━━━ RECORDS SHOWN ━━━

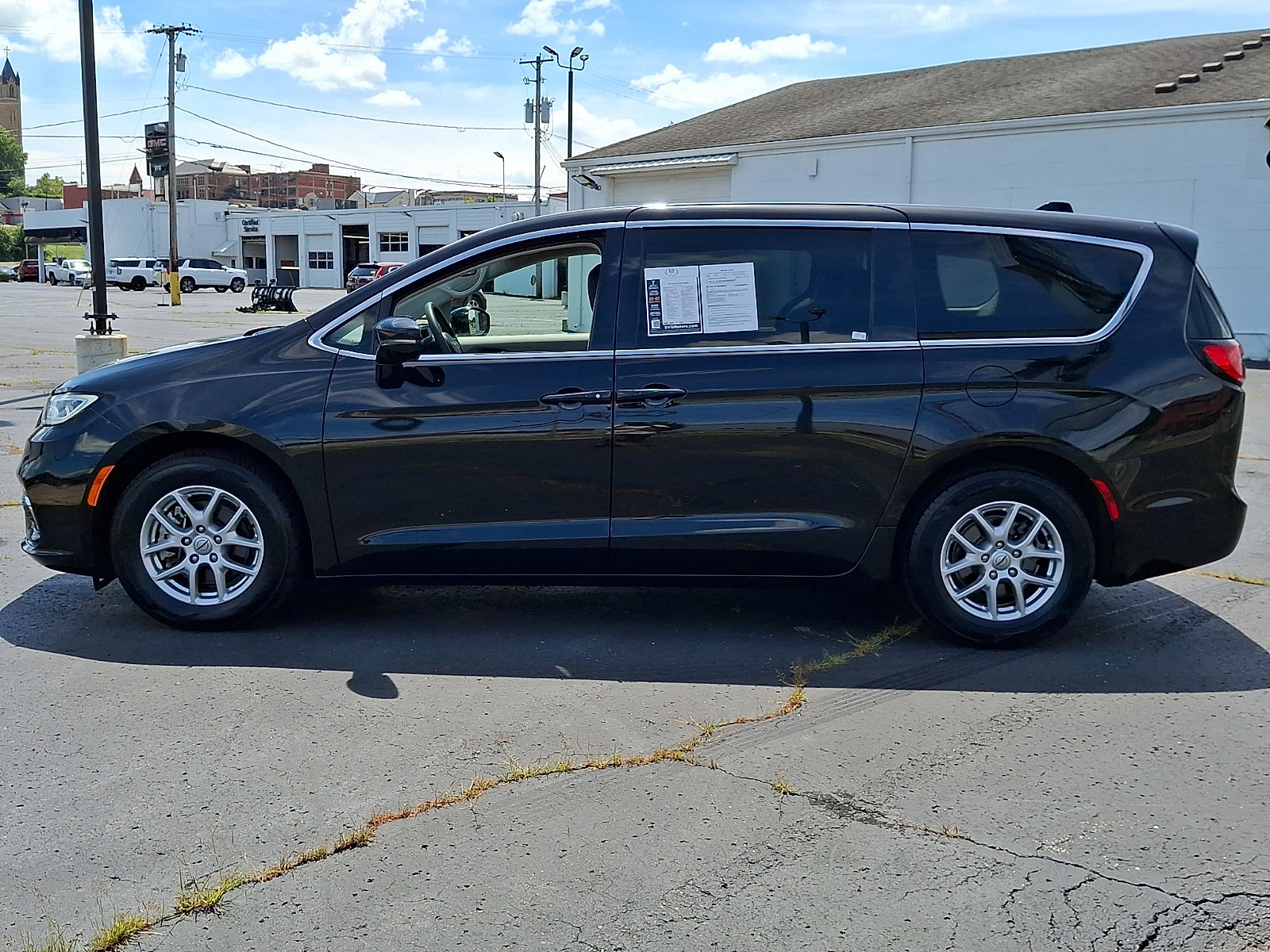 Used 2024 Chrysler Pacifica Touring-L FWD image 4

━━━
━━━ RECORDS SHOWN ━━━

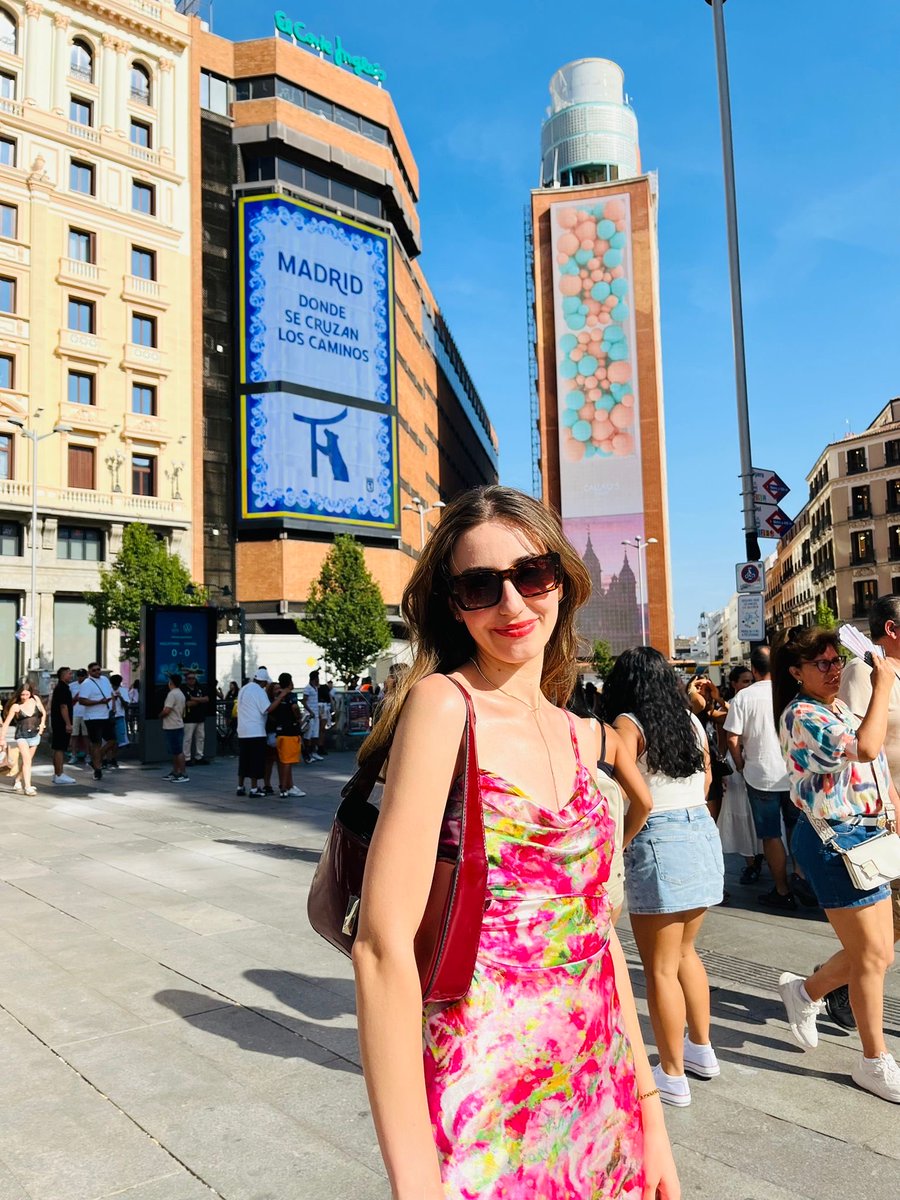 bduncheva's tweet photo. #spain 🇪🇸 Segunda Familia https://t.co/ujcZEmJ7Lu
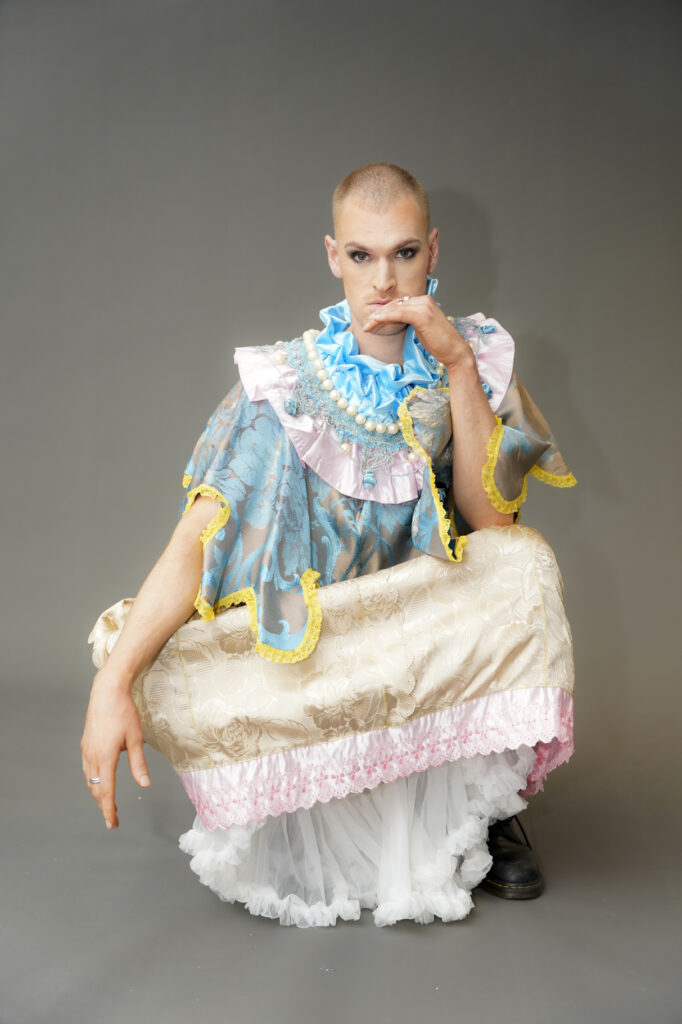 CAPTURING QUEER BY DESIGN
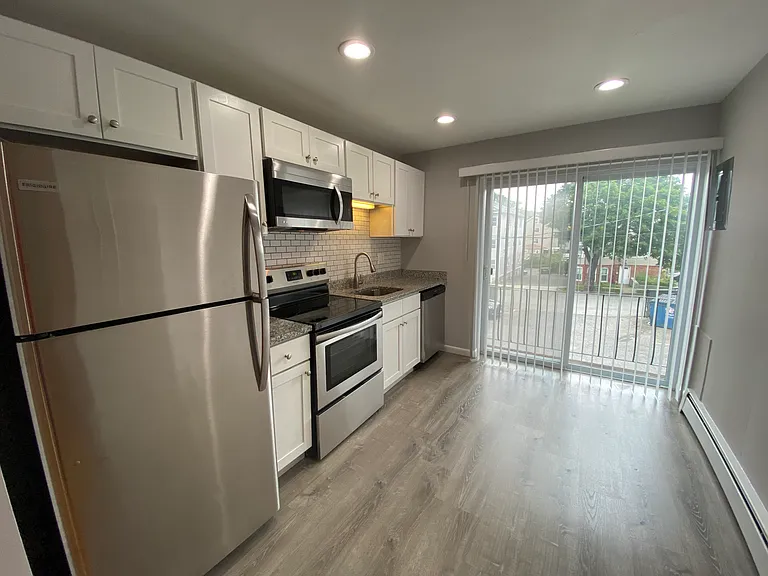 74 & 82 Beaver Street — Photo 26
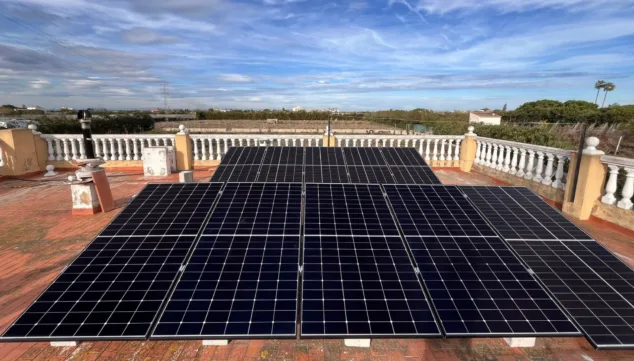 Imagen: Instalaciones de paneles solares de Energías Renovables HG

━━━

WHAT YOU HAVE TO DO
Starting with the line that contains "74 & 82 Beaver Street — Photo 26" and finishing with the line that contains "Imagen: Instalaciones de", reproduce every line of the material above exactly, but not the pictures.

WRITTEN SOLUTION
 74 & 82 Beaver Street — Photo 26
 Imagen: Instalaciones de paneles solares de Energías Renovables HG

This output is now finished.